▶ _Requirement_: The answer consists of the lines from the line holding "92 - ROYAL MINT" through the last line of the entries, retyped exactly, and nothing else. No pictures belong in it.

▶ _Supplied material_:
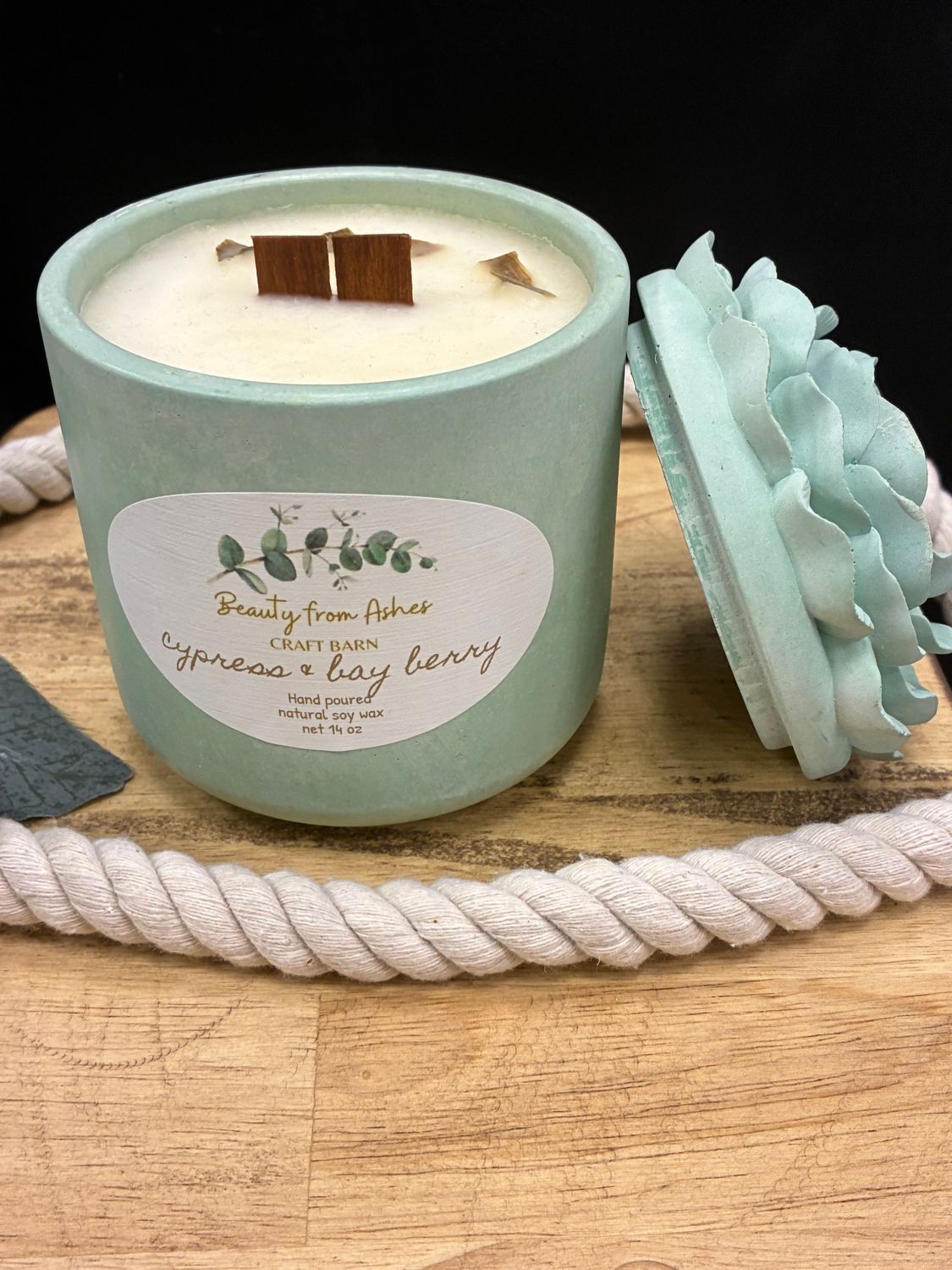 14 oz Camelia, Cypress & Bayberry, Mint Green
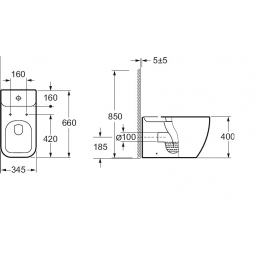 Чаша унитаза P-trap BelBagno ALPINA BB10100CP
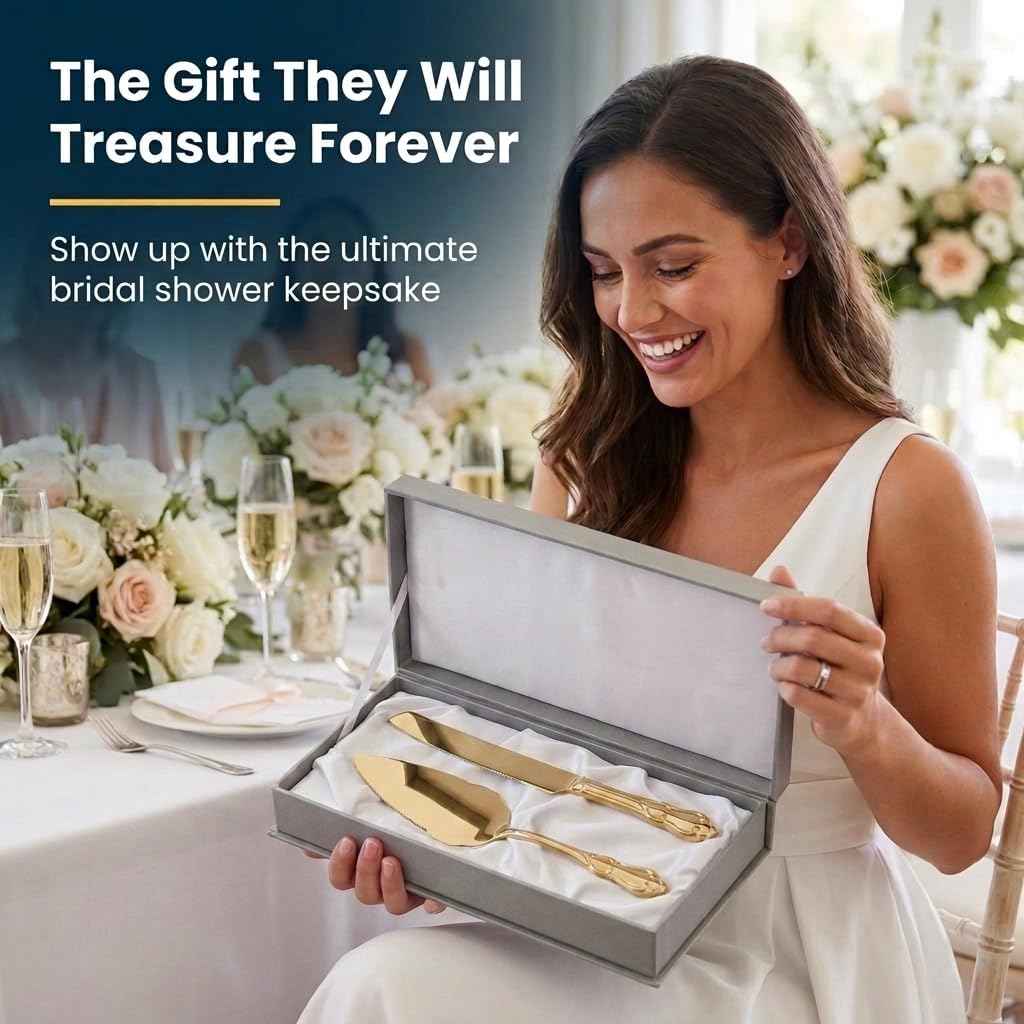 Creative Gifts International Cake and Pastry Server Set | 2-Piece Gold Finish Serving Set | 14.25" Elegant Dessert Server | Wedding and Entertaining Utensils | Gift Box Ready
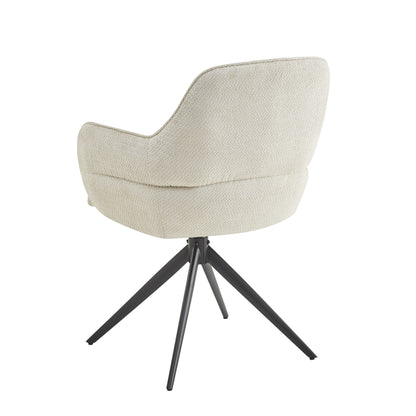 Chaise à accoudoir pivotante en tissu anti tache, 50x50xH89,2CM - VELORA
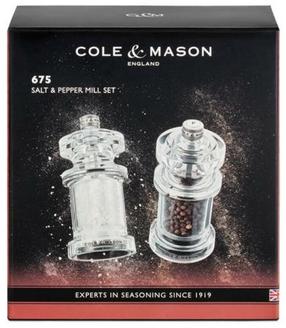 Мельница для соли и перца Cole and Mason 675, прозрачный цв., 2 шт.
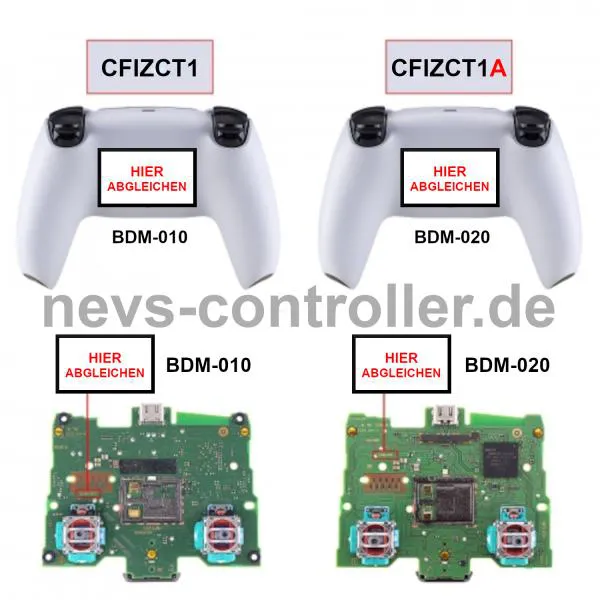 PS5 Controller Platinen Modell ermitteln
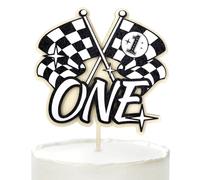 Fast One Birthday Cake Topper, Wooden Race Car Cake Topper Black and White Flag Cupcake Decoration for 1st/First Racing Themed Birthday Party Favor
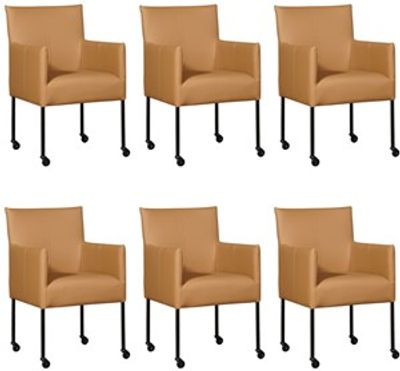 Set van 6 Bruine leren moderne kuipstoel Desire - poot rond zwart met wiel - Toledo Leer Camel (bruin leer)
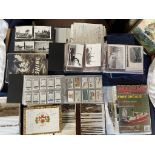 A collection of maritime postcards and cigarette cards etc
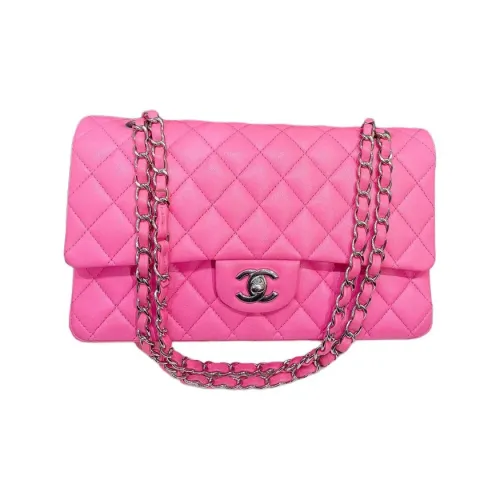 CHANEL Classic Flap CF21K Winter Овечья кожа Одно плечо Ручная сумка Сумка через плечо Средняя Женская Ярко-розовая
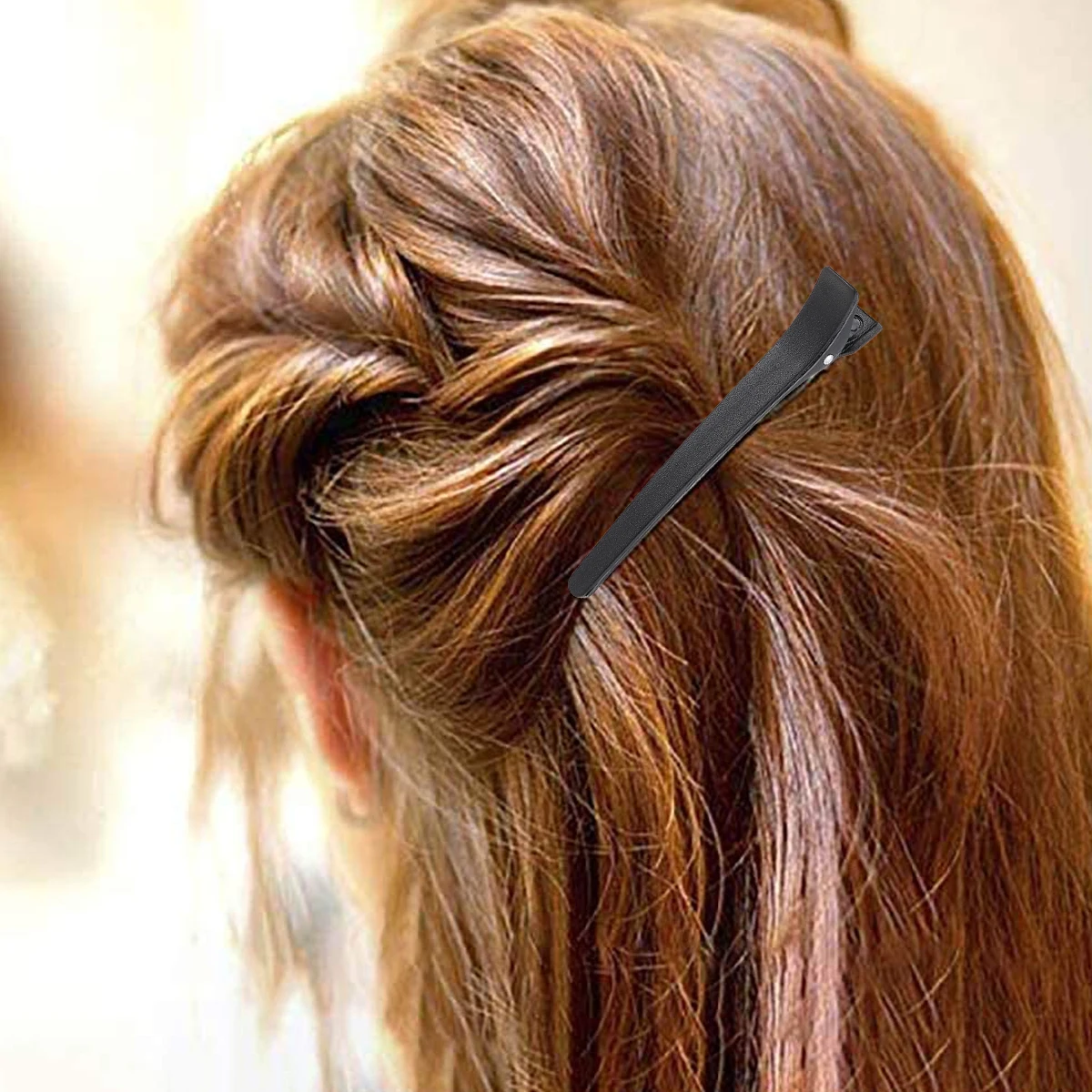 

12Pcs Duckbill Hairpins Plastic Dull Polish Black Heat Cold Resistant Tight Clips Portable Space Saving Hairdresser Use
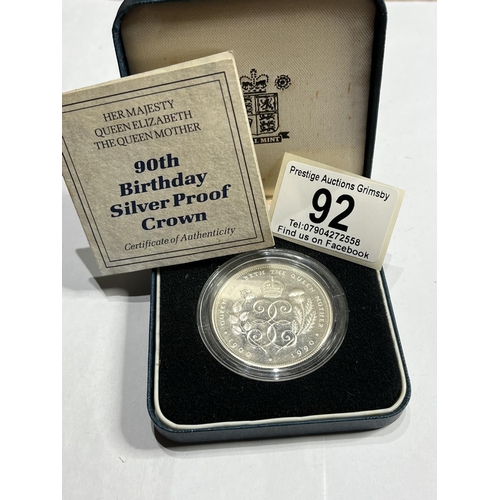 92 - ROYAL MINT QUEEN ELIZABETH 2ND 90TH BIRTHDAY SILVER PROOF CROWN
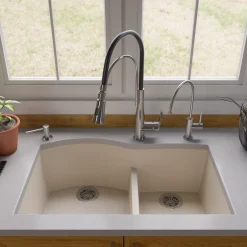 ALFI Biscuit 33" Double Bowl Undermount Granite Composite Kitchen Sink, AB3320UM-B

▶ _Answer to this exercise_:
 92 - ROYAL MINT QUEEN ELIZABETH 2ND 90TH BIRTHDAY SILVER PROOF CROWN
 ALFI Biscuit 33" Double Bowl Undermount Granite Composite Kitchen Sink, AB3320UM-B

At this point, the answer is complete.